The remedy for the immersion which you mention is not, as far as I know, to be found growing among the herbs with healing powers.

The sun in these parts, that is something different, and also if over a period of time one drinks wine, which - at least partly - is pressed from real grapes. I assure you that in our native country people are as blind as bats and criminally stupid because they do not exert themselves to go more to the Indies or somewhere else where the sun shines. It is not right to know only one thing - one gets stultified by that; one should not rest before one knows the opposite too.

What you say about extenuating circumstances, namely that, alas, they do not obviate the fact of one's having done something wrong or of having spoiled something is very true. Only think of our national history, the Rise and fall of the Dutch Republic, and you will understand what I mean. We must never invoke the excuse of extenuating circumstances, of our inability, and so on. It is less Christian (in the sense in which it is diluted nowadays), but it is better for us, and perhaps even for others. And energy begets energy, and conversely paralysis paralyzes others.

Here we are now, living in a world of painting which is unutterably paralytic and miserable. The exhibitions, the picture stores, everything, everything, are in the clutches of fellows who intercept all the money.
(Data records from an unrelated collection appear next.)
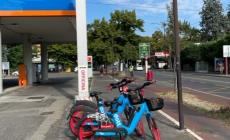 Via Emilia Est, "pista pedonale o deposito bici elettriche?"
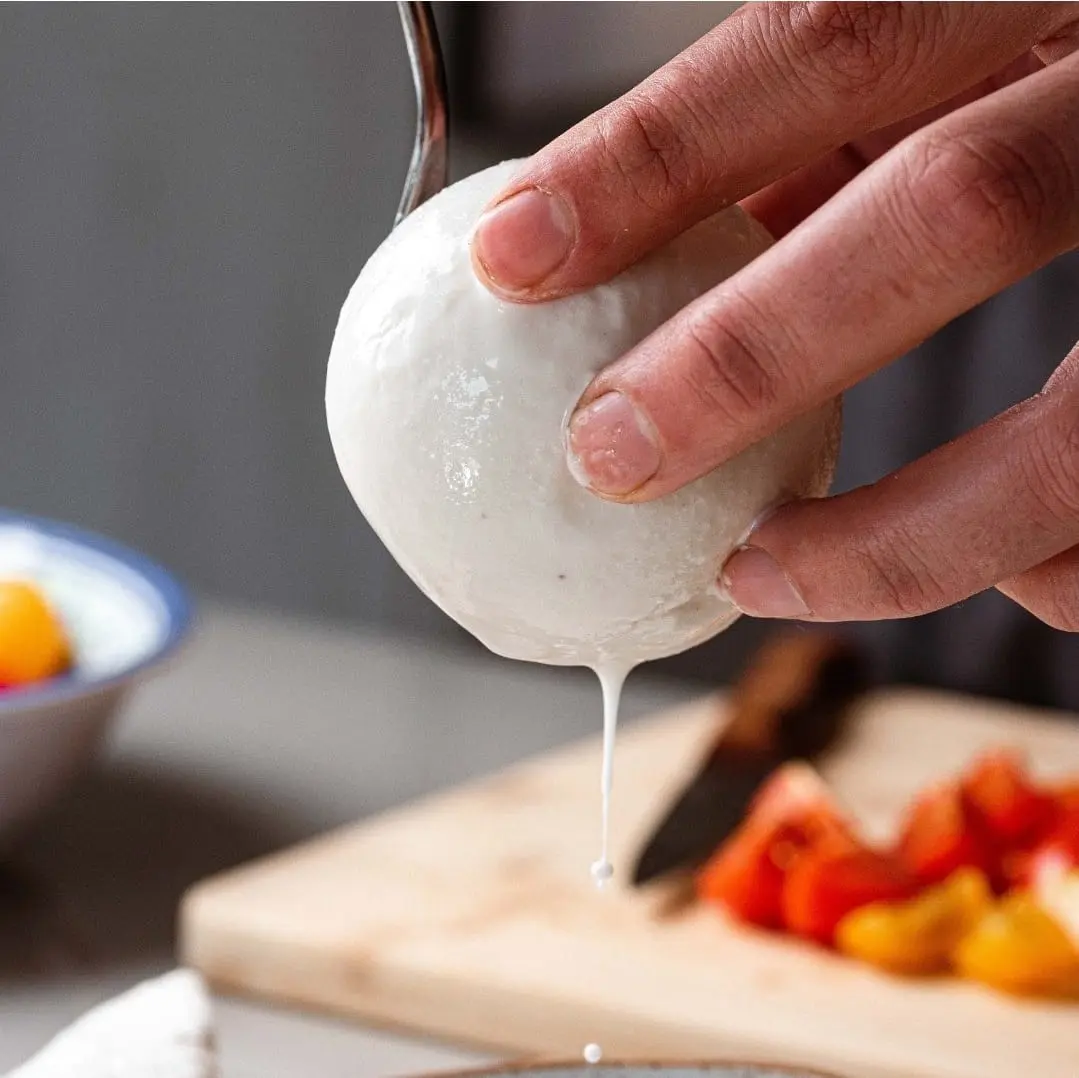 Queso Vegano Estilo Burrata Corazón De Anacardo Bio Fermaggio 140g - Image 4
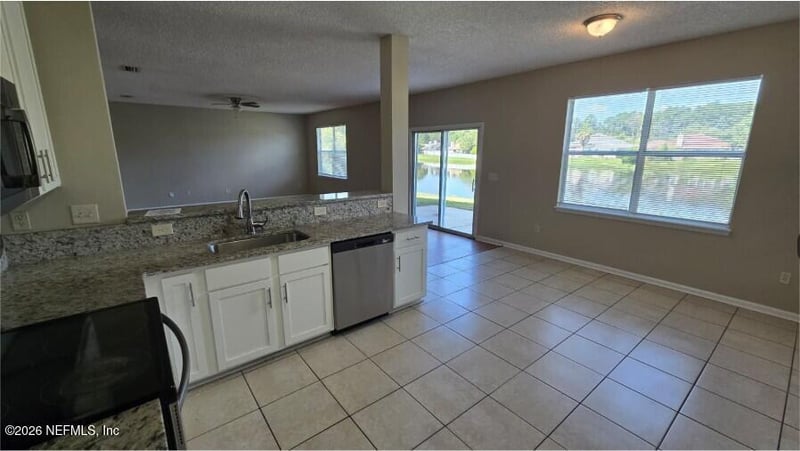 1656 Hawkins Cove Dr E, Jacksonville, FL 32246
And do not suppose for a moment that this is only my imagination. People give a lot of money for the work after a painter himself is dead. And they are always slighting the living painters, fatuously defending themselves by pointing to the work of those who are no longer there.
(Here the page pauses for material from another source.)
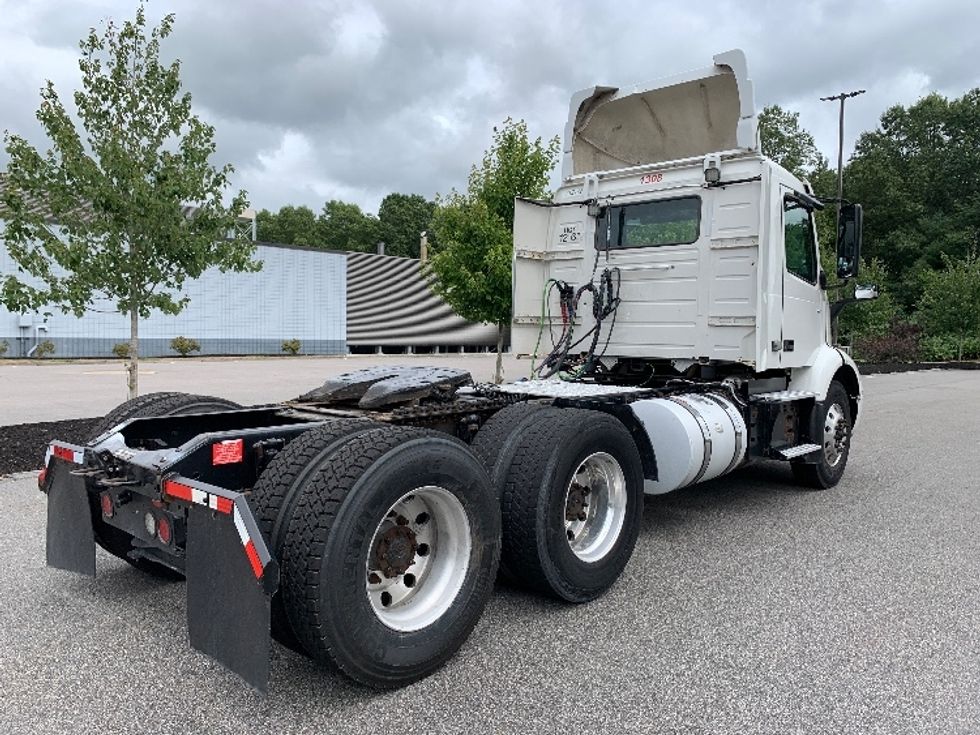 Day Cab Tractor-Heavy Duty Tractors-Volvo-2019-VNR64300-Norton-MA-346,474\n\t\tmiles-$ 36,500 - Image 7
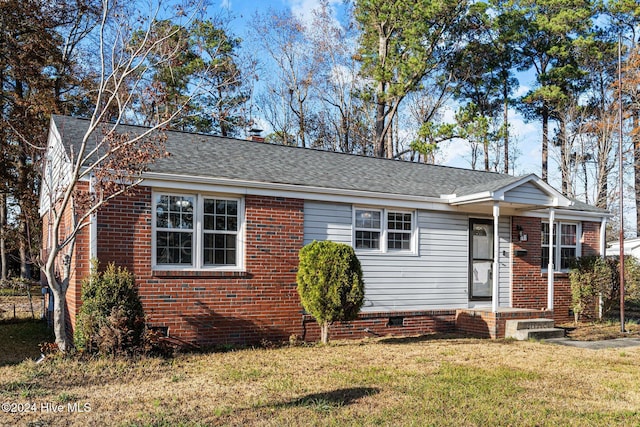 view of front facade featuring a front yard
I know we are unable to do anything to alter this. So for heaven's sake one must resign oneself to it, or try to find some sort of subvention, or conquer a rich woman, or something of the kind, or else one cannot work. All that one hopes for, independence through work, influence on others, all comes to nothing, nothing at all.

And yet it is a certain pleasure to paint a picture, and yet at this very moment there are some twenty painters here, all having more debts than money, etc., all leading lives approximately comparable to the lives of street dogs, who are going to be of perhaps more importance than the whole of the official exhibition as far as the future style of painting is concerned.

I should imagine that the most distinctive characteristic of the painter is being able to paint. Those who are able to paint, to paint the best, are the beginnings of something that will last a long time to come; they will go on existing as long as there are eyes capable of enjoying something that is specifically beautiful. But I always regret that one cannot make oneself richer by working harder - on the contrary -

If only one could do that, one would be able to achieve a good deal more, get associated with others, and whatnot. For now everybody is chained to the opportunity he has of earning his bread, which means that in fact one is far from free.

You ask whether I sent something to the “Arti” exhibition 1 - certainly not! Only Theo sent Mr. Tersteeg a consignment of pictures by impressionist painters and among them there was one of mine. But the only result has been that neither Tersteeg nor the artists, as Theo informed me, have seen anything in them.

Well, this is extremely comprehensible, for it is invariably the same thing all over again. One has heard talk about the impressionists, one expects a whole lot from them, and…and when one sees them for the first time one is bitterly, bitterly disappointed and thinks them slovenly, ugly, badly painted, badly drawn, bad in colour, everything that's miserable.

This was my own first impression too when I came to Paris, dominated as I was by the ideas of Mauve and Israëls and other clever painters. And when there is an exhibition in Paris of impressionists only, it is my belief that a lot of visitors come back from it bitterly disappointed, and even indignant, in a state of mind comparable to the mood of the decent Dutchmen in the days of yore, who left church and a moment later heard a discourse by Domela Nieuwenhuis 2 or one of the other socialists.

And yet - you know it - within ten or fifteen years the whole edifice of the national religion collapsed, and - the socialists are still there, and will be there for a long time to come, although neither you nor I are very much addicted to either creed.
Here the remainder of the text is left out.